Bizde ise durum hiçte böyle değildir.
Kamu hastanelerinde çalışan taşeron işçiler, taşeron firmanın değişmesi sonucunda yeni firma tarafından geçmiş çalışmalarını yok sayan, tüm haklarından feragat ettiğini beyan eden taahhütname imzalamaya zorlanmış.
Ya bu imzayı atarsınız ya da işinizden olursunuz dayatması!
Atılması istenilen imza, geçmiş çalışmalara dayanan tüm haklardan vazgeçmelerini kapsıyor.
Kıdem, ihbar ve tüm sosyal haklardan vazgeçilmeleri istenmekte.
Sağlık başta olmak üzere, tüm kurumlarda taşeron işçiliğe rastlarız.
İhtiyaç eksikliğinden yani eleman eksikliğinden doğan personel yöntemidir.
Kurumlarda çalışan bu personeller devlet memurlarının yaptığı tüm işleri yaparlar hatta onlardan daha fazla süreli çalışırlar ama tek fark devlet memurunun aldığı maaşın dörtte birini alırlar, asgari ücretle çalıştırılırlar.
Yıllık izin hakları yoktur, hastalanma mazeretleri yoktur, mesai kavramları yoktur.
İşveren temsilcisi hangi alanda isterse o alanda çalıştırır, dilediği zaman da işine son verir.
İşverene karşı yaptırımı olmayan emekçi grubu, işine son verilir hak talep edemez.
Modern çağın köleleridir.
Her fırsatta ekonominin büyüklüğünü anlatmaya çalışan iktidar, bu emekçi grubunun emeğini gasp eder.
Ucuz maliyet ile emekçinin sırtından geçinir.
Hal böyle olunca da ihaleyi alan firma emekçinin hakkını gasp etmek adına taahhütname dayatır.
Bu firmanın güvencesi devletin kendisi, gücü oradan alır. Mevcut yasal düzenleme emeğin gaspı üzerine kurulduğu için firma tereddüt görmez.
Kamuda bu tarz çalışan personel sayısının bir milyon civarı olduğu beyan edilmekte, bu sayı ve tablo ülke ekonomisinin nerede olduğunu gösteriyor.
İktidar temsilcilerinin yaldızlı ifadeler ile anlattığı gibi ekonomi uçmuş, dünyanın en gelişen ekonomi sıralamalarında zirveye çıkmış, bunların hepsinin boş laflar olduğunun belirleyeni ve kanıtıdır bu tablo!

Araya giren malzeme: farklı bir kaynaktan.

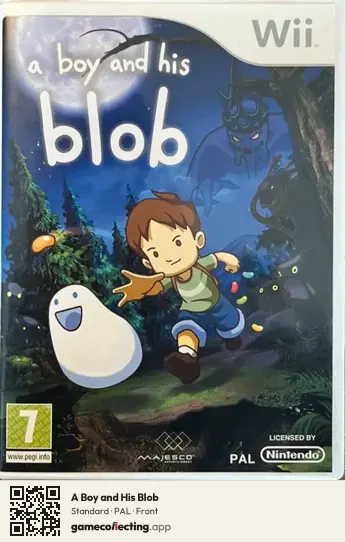 A Boy and His Blob Nintendo Wii, PAL box front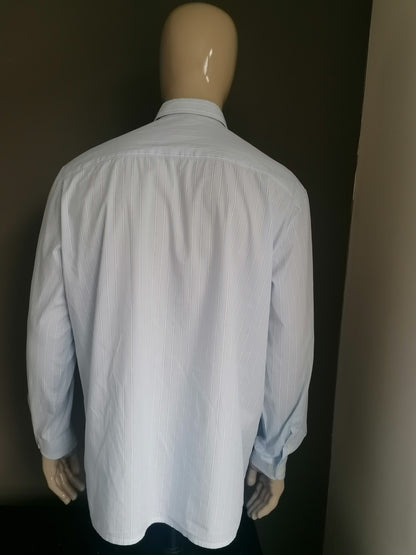 Skywear Casuals Shirt. Light blue white striped. Size XL / XXL-2XL.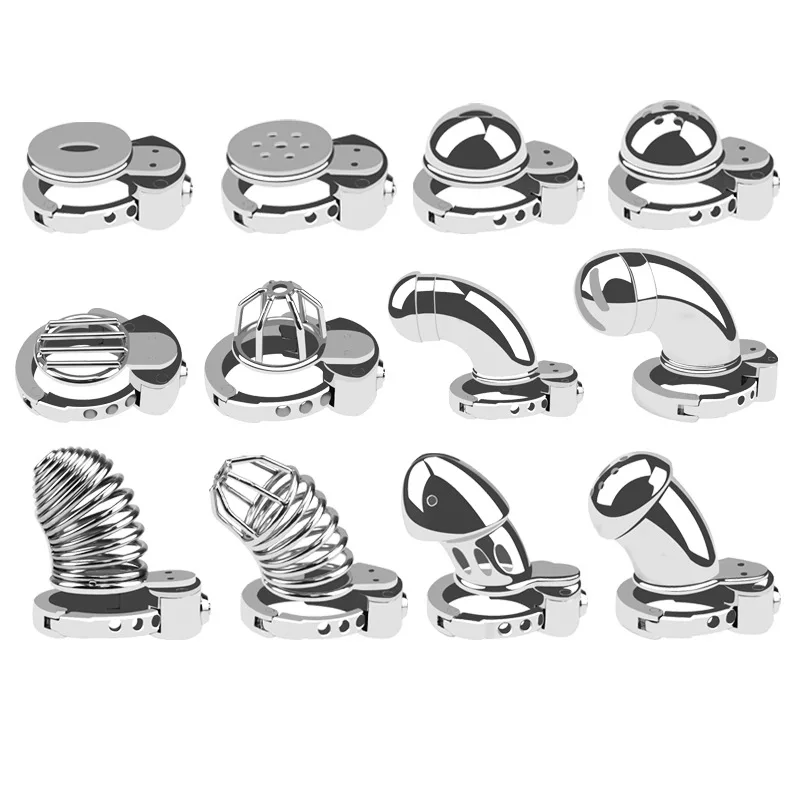 Metal Chastity Cock Cage for Men Penis Lock Adjustable Penis Ring Chastity Device Couple Sex Games Adult Toys Cock Ring penis chastity cage chastity lock sex toy penis cock ring male female sex toy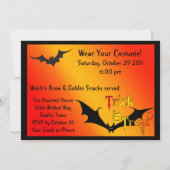 Beängstigendes Spuk Halloween-Party Einladung (Rückseite)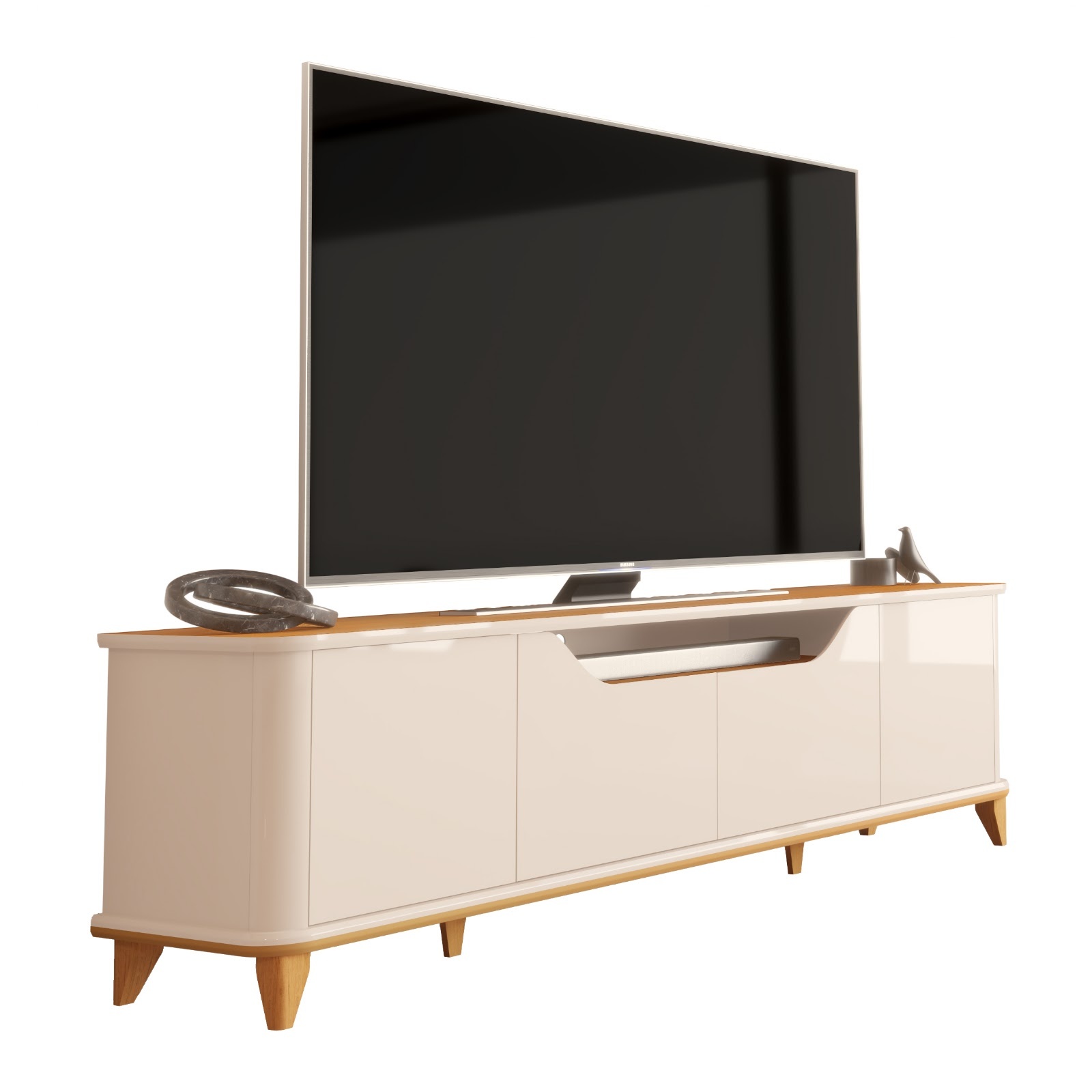 Galeria Rack Aron 2.00 - Off White + Cedro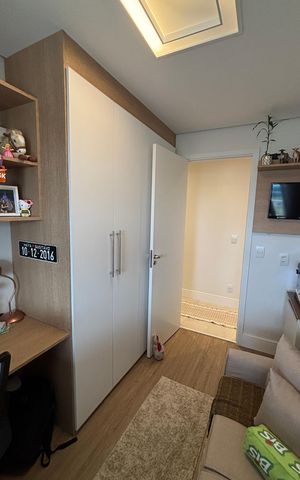 Apartamento à venda com 92m², 3 quartos e 2 vagas Apartamento à venda com 92m², 3 quartos e 2 vagasQuarto 2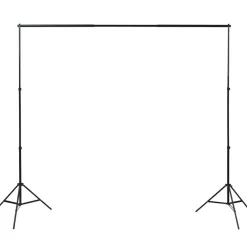 vidaXL Set estudio fotográfico con telones de fondo, focos y paraguas New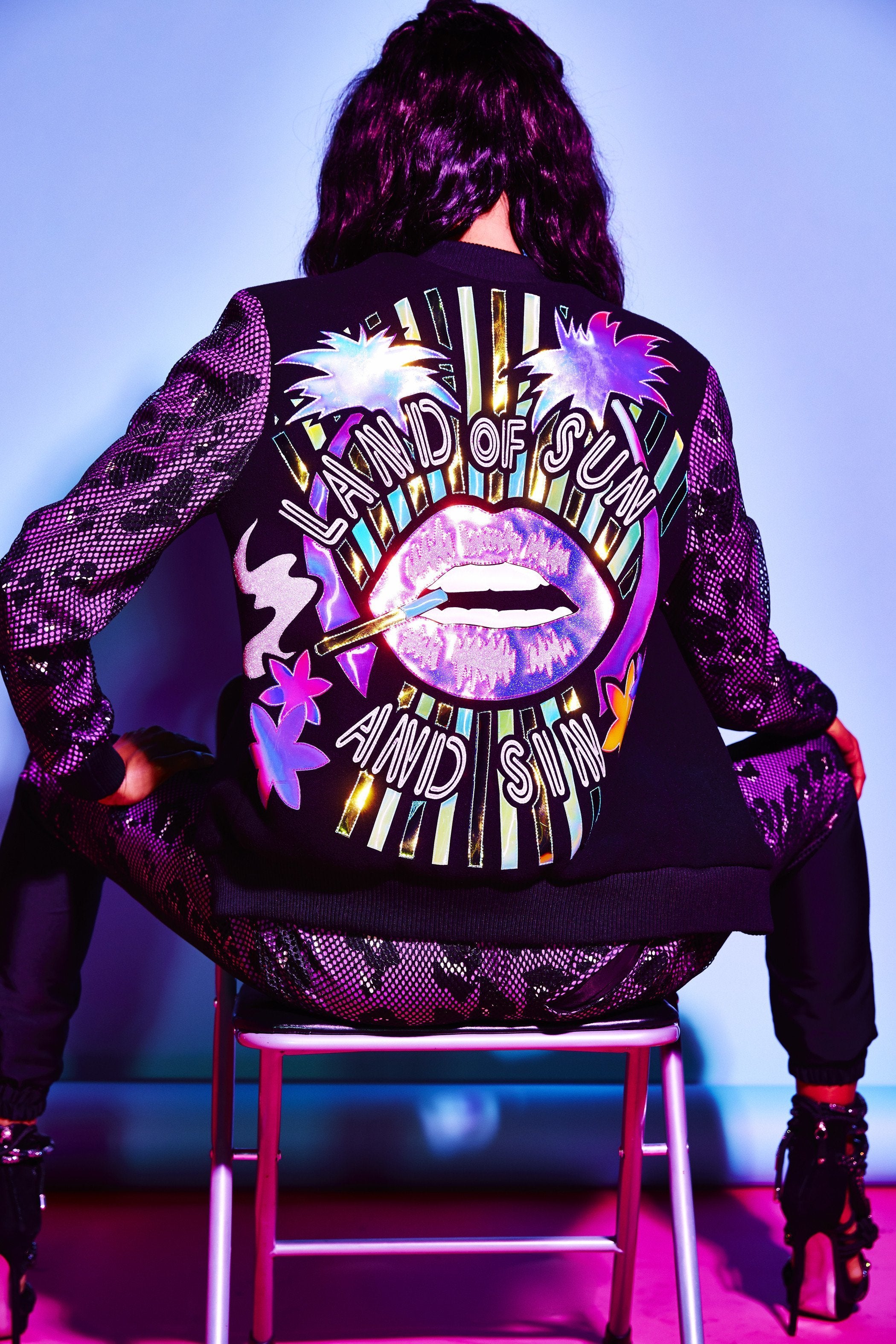 Sun and Sin wool and silk bomber jacket – Shock and Awww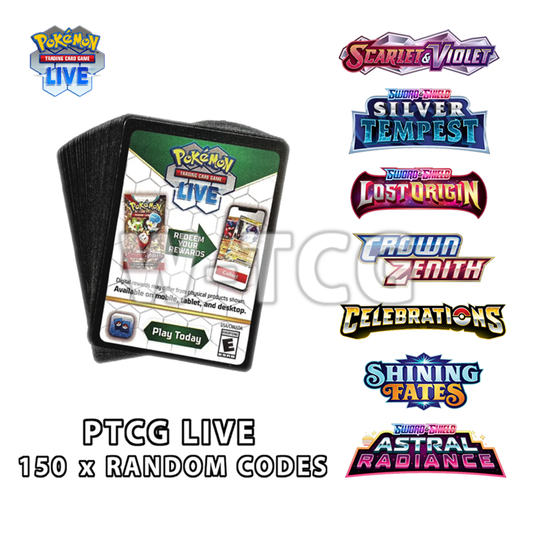 Pokemon TCG Live - Code Card Codes Booster Packs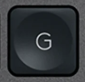 G Touche de remplacement AZERTY (FR) Noir Logitech MX Keys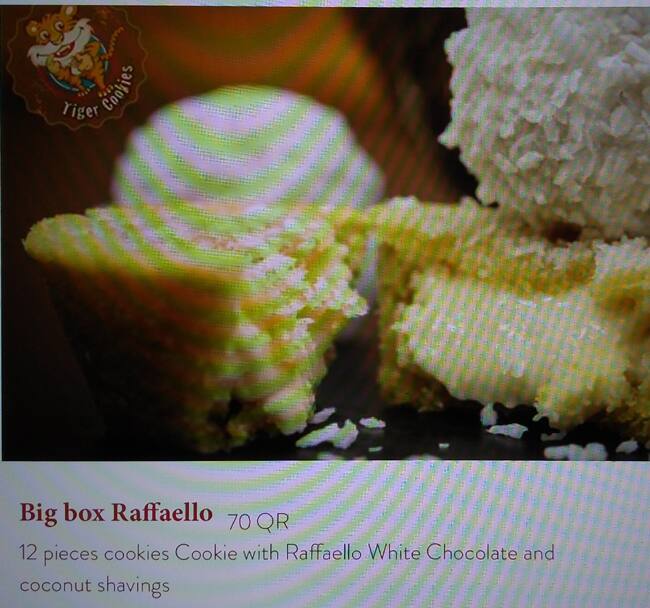 Tiger Cookies menu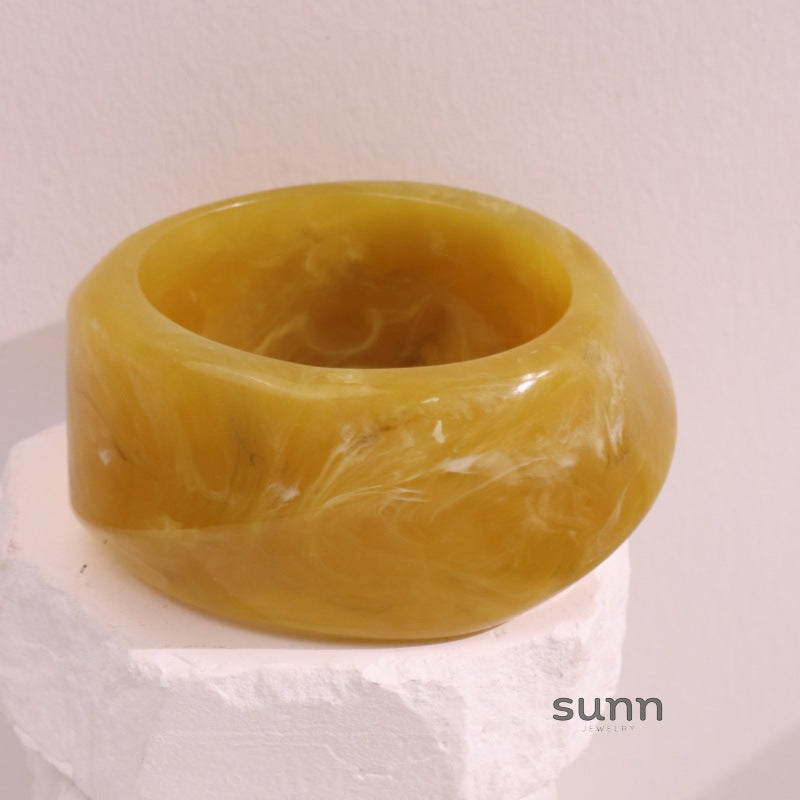 Letti Irregular Resin Bangle [REGD461B]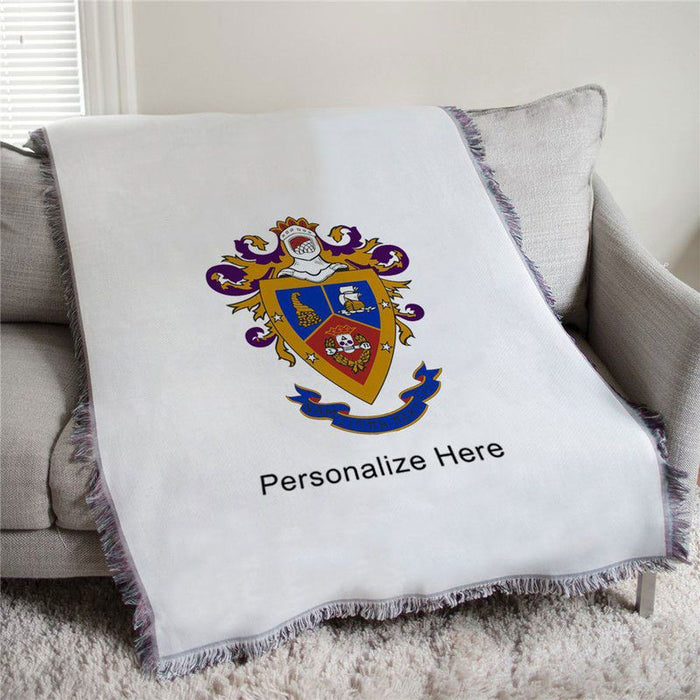 Delta Sigma Pi Full Color Crest Afghan Blanket Throw Delta Sigma Pi Full Color Crest Afghan Blanket Throw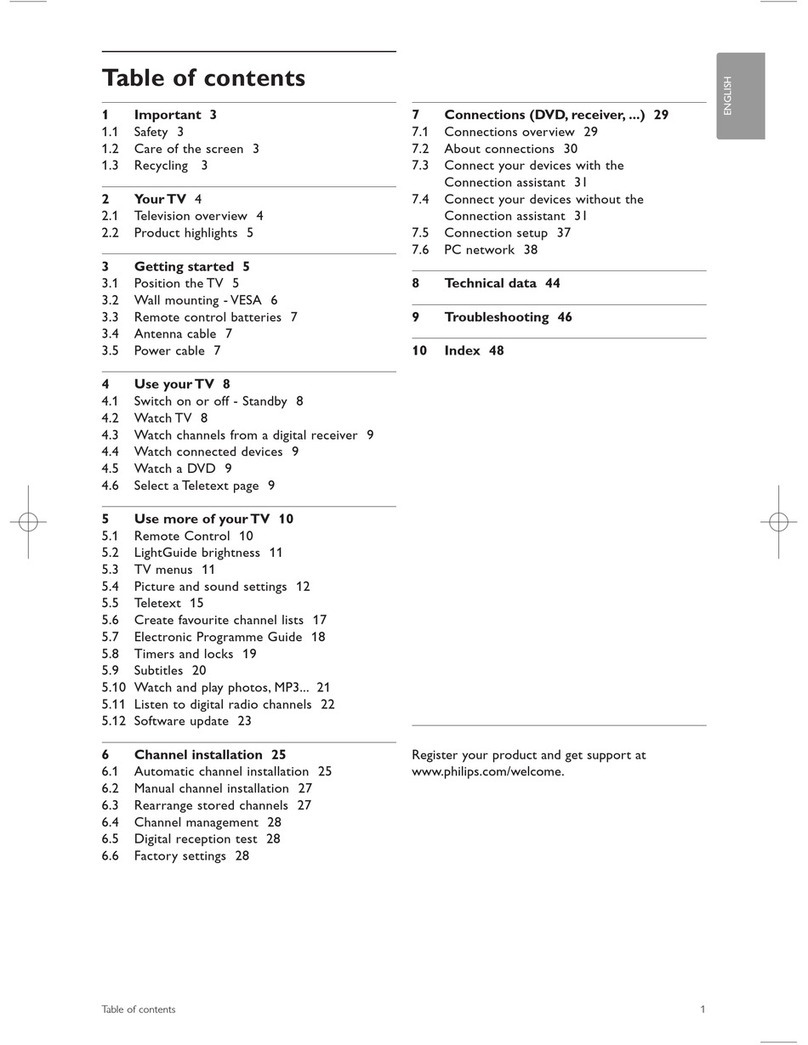Philips 42PFL9703D User manual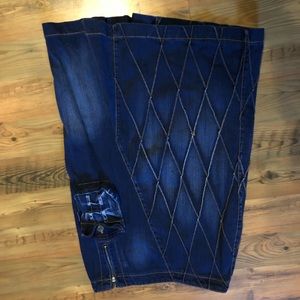 Fun denim skirt
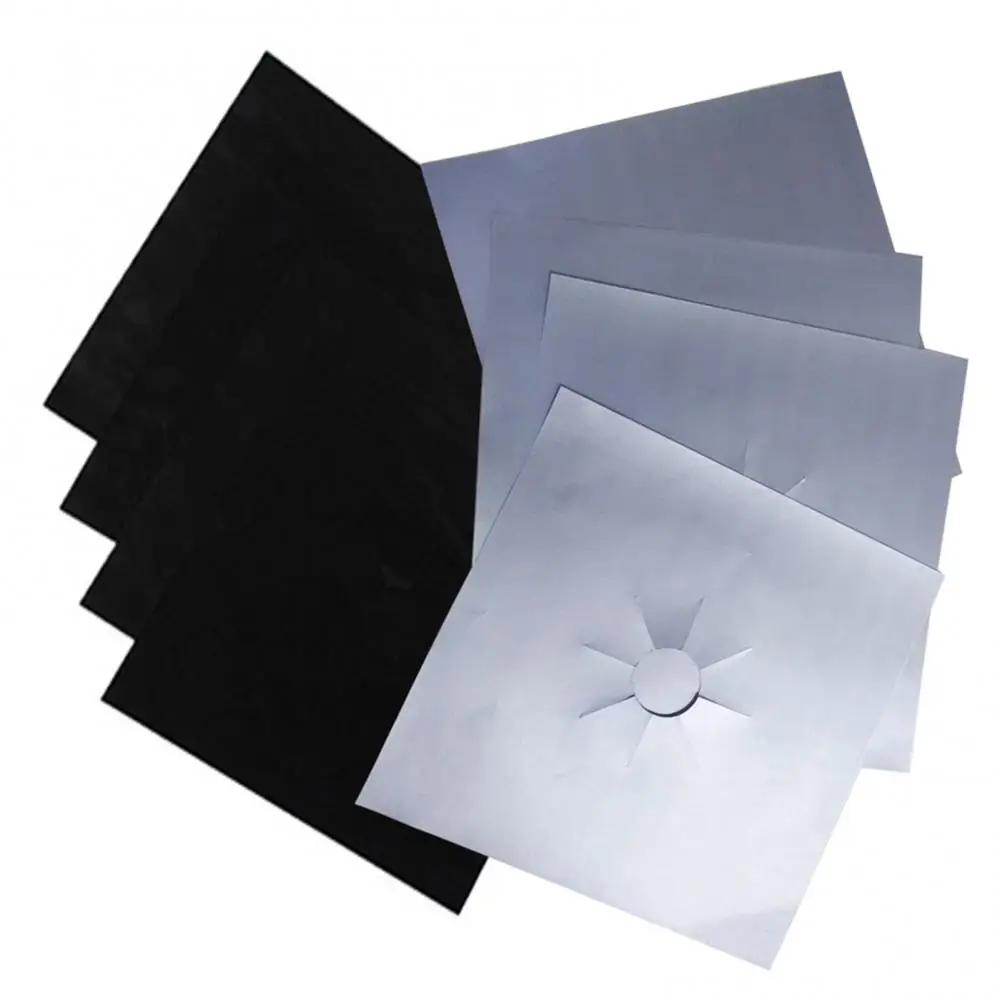 Reusable Square Foil Gas Hob Protector Liner Tray for Eco-Friendly Kitchen Accessories
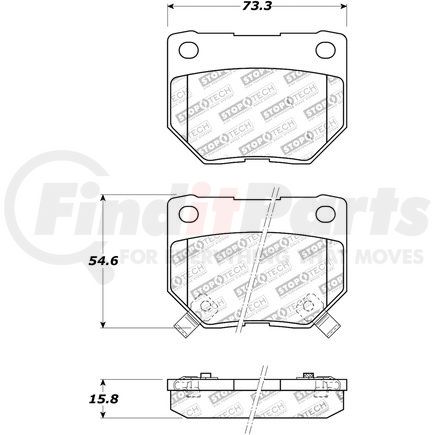 308.04611 by CENTRIC - Street Brake Pads with Shims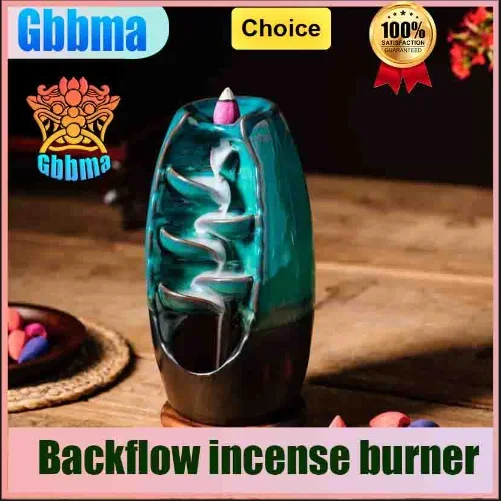 GBBMA Ceramic Backflow incense burner，The smoke is even and smooth, allowing the incense to spread naturally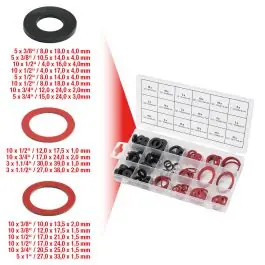 Marque Assortiment de joints de plomberie, 141 pcs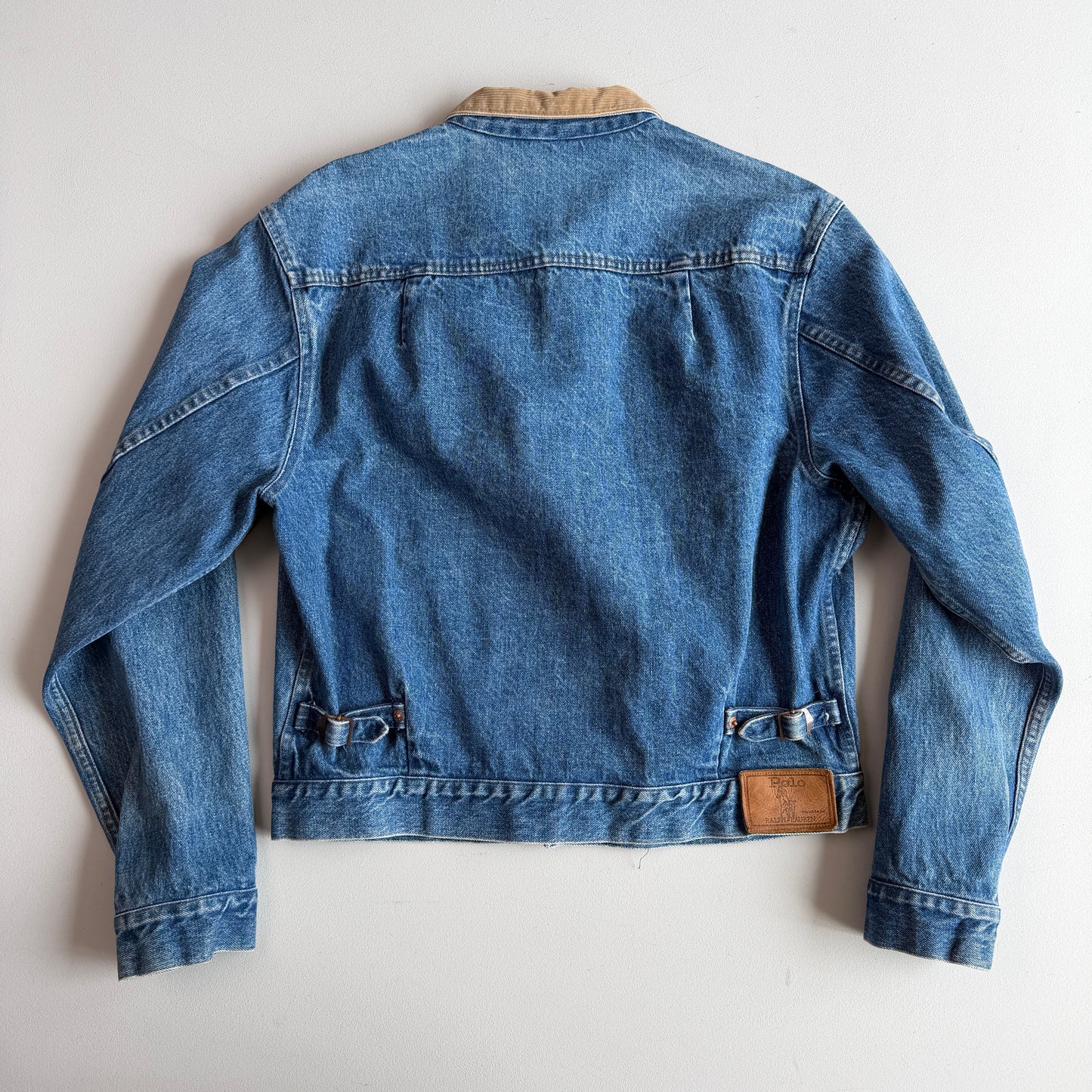VNTG Polo Ralph Lauren (L) 80s Western Denim Side-Tab Trucker Jacket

Çalıştırdığı personelinin emeğini gasp eden, hak ettiği ücreti veremeyen bir ülkenin ekonomisi asla gelişmiş olamaz.
Bu hadisenin diğer çarpıcı tarafı ise, firma bu işlemi bu İl’de yapıyor.
“İmzaları atın, geçmiş haklarınızdan feragat edin, yoksa çalışma imkânınızı elinizden alırız” deniliyor.
Türk-İş Genel Başkanı Ergün Atalay bu İl’de yaşar!
Atalay’a rağmen yapılır bu uygulama, çalışan emekçi yok sayıldığı gibi Türk-İş Genel Başkanı da yok sayılır.
Firma bu cesareti devletin kendisinden alır.
Bu davranış sendikacılığın son yıllarda geldiği yeri gösteriyor ki bize, STK’ların vay haline!
Çalıştırdığın personelinin hakkını gasp eden ekonomiye büyük ekonomi denmez, biz bunu biliyoruz da buradan duyurumuz iktidar ve yandaşlarınadır.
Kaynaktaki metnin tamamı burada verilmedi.